= WORK TASK =
Set down each entry exactly; omit images.

= DATA RECORDS =
#####

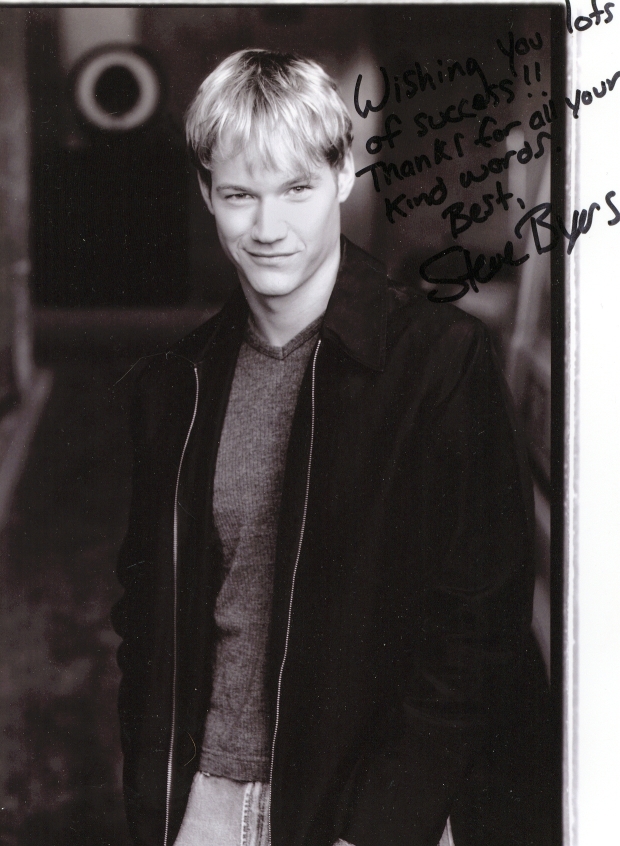 Steve Byers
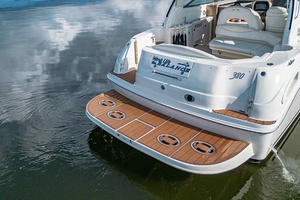 Work Life Balance 38ft Sea Ray Yacht For Sale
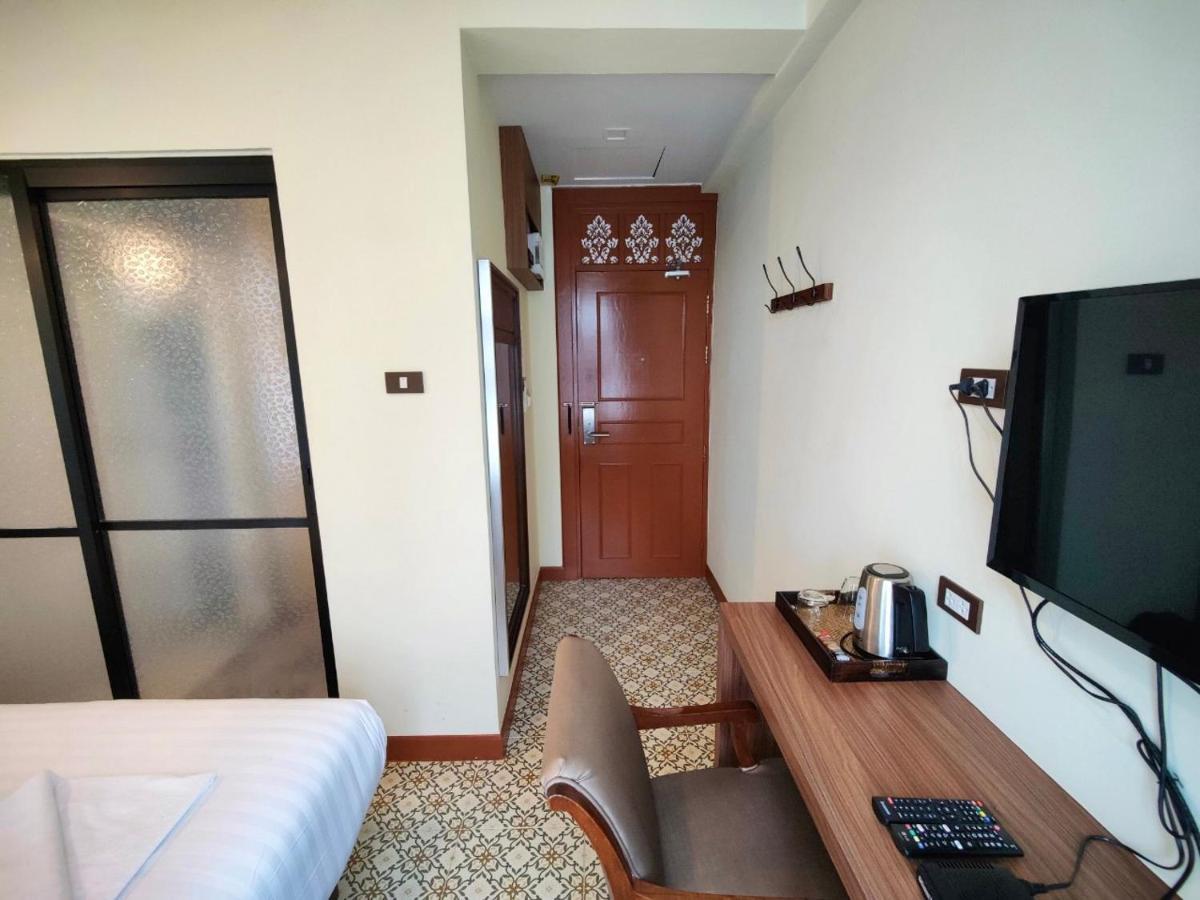 Baan Chao Khun Hotel Ban Khlong Lat Bua Khao Εξωτερικό φωτογραφία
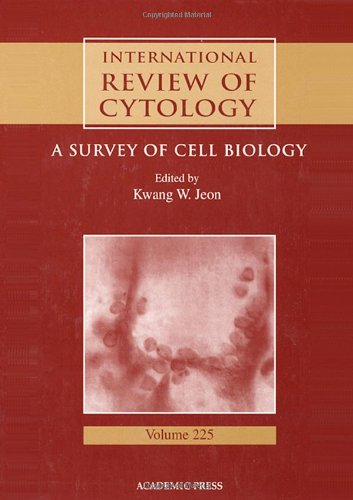 9780123646293: International Review of Cytology: A Survey of Cell Biology (Volume 225) (International Review of Cell and Molecular Biology, Volume 225)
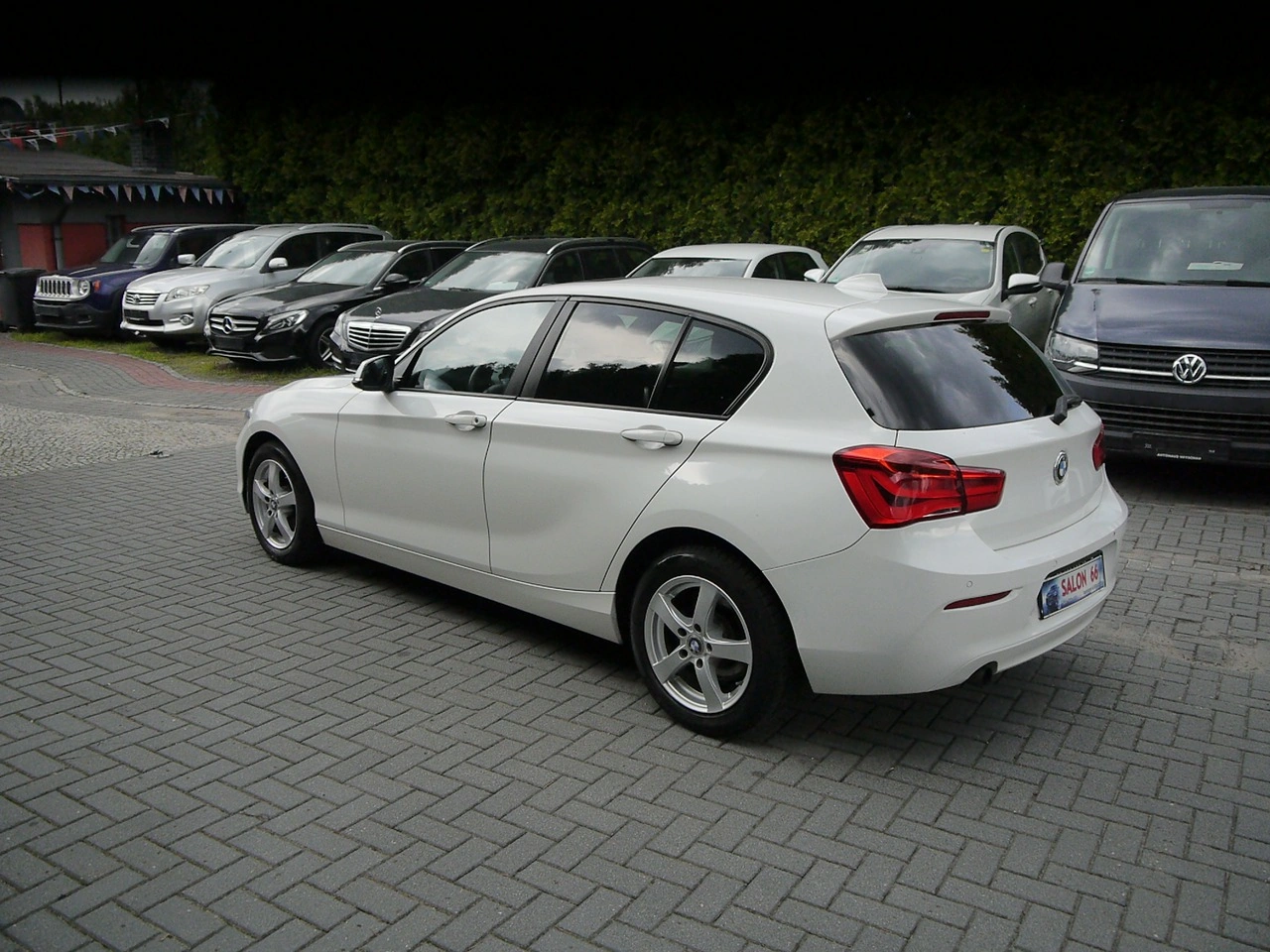 BMW 116 - Zdjęcie 14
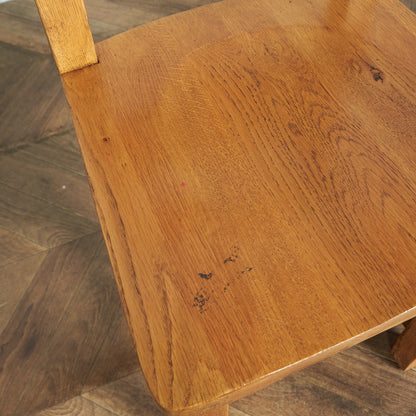 British Classic High Back Dining Chair #81979
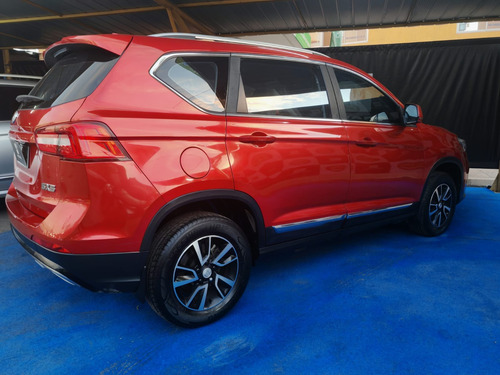 Dongfeng SX5 1.6 Luxury Mt5 5Pas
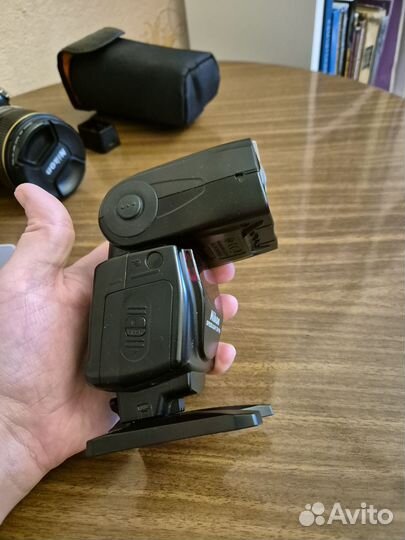 Вспышка nikon sb-700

#####

= ANSWER BELOW =
 Steve Byers
 Work Life Balance 38ft Sea Ray Yacht For Sale
 Baan Chao Khun Hotel Ban Khlong Lat Bua Khao Εξωτερικό φωτογραφία
 9780123646293: International Review of Cytology: A Survey of Cell Biology (Volume 225) (International Review of Cell and Molecular Biology, Volume 225)
 BMW 116 - Zdjęcie 14
 British Classic High Back Dining Chair #81979
 Dongfeng SX5 1.6 Luxury Mt5 5Pas
 Вспышка nikon sb-700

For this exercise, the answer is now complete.